Samsung sought to have the ban on the Tab 10.1 lifted on Aug. 26 after the jury found the device didn’t infringe the Apple design patent on which the June 26 court-ordered sales ban was based. The jury instead found that the Tab 10.1 infringed three of Apple’s software patents.
Colleen Patterson and Lauren Vroom, spokeswomen for Apple, didn’t immediately respond to e-mails seeking comment on yesterday’s ruling.
The case is Apple Inc. v. Samsung Electronics Co. Ltd., 11- cv-01846, U.S. District Court, Northern District of California (San Jose).
Teva Sues Perrigo Over Patents for ProAir Asthma Inhaler
A unit of Teva Pharmaceutical Industries Ltd. (TEVA), the world’s largest generic-drug maker, sued rival Perrigo Co. (PRGO:US) over patents for the ProAir asthma inhaler.

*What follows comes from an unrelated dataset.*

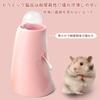 Hamster Squirrel Hedgehog Drinking Bottle Automatic Waterer Ceramic Base Tank Bottle Roll Ball Water Leak Prevention Small Animal Water Bottle (Pink)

Teva Branded Pharmaceutical Products R&D Inc. of Horsham, Pennsylvania, contends Allegan, Michigan-based Perrigo is planning to market its version of the albuterol sulfate aerosol inhaler before the patents expire in 2017 and 2023, according to federal court papers filed Sept. 5 in Wilmington, Delaware.
“Teva will be irreparably harmed” if a jury doesn’t stop Perrigo’s infringement, Teva’s lawyers said in the complaint. In dispute are patents 7,566,445 and 7,105,152.
Teva, based in Petach Tikva, Israel, reported $436 million in ProAir sales last year, 2.4 percent of its revenue, according to data compiled by Bloomberg. According to the Asthma and Allergy Foundation of America, almost 25 million people in the U.S. have asthma, and it is the most common chronic condition in children.
Teva and manufacturer Norton Ltd. of Waterford, Ireland, also named Somerset, New Jersey-based Catalent Pharma Solutions LLC as a defendant. Catalent plans to make the generic product for Perrigo to market, according to court papers.
The lawsuit “formally initiates the litigation process” that could lead to 180 days of generic exclusivity, Perrigo said in a statement through spokesman Arthur J. Shannon.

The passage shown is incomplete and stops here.